- **WHAT TO DO**: Transcribe every record verbatim; no pictures.

- **Caption-style text data**:

((

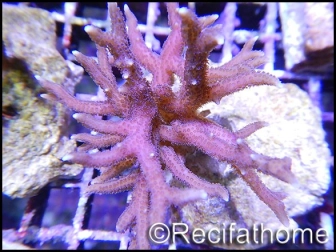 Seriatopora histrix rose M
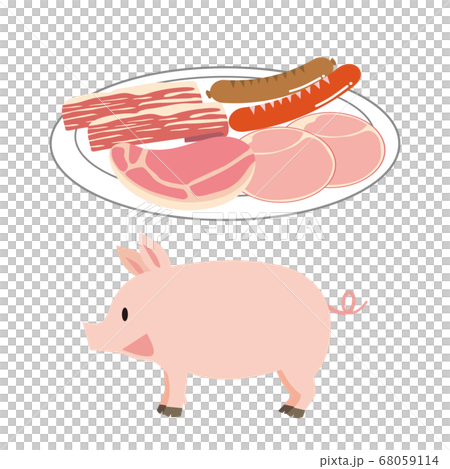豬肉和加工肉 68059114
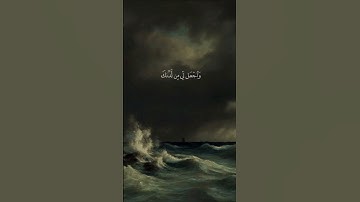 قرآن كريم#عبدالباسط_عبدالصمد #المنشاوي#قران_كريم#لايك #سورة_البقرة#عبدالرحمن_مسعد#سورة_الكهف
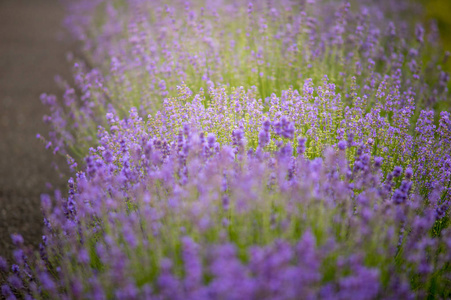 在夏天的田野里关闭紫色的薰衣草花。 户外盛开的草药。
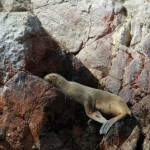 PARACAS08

))

- **RESULT OF THIS TASK**:
 Seriatopora histrix rose M
豬肉和加工肉 68059114
 قرآن كريم#عبدالباسط_عبدالصمد #المنشاوي#قران_كريم#لايك #سورة_البقرة#عبدالرحمن_مسعد#سورة_الكهف
 在夏天的田野里关闭紫色的薰衣草花。 户外盛开的草药。
 PARACAS08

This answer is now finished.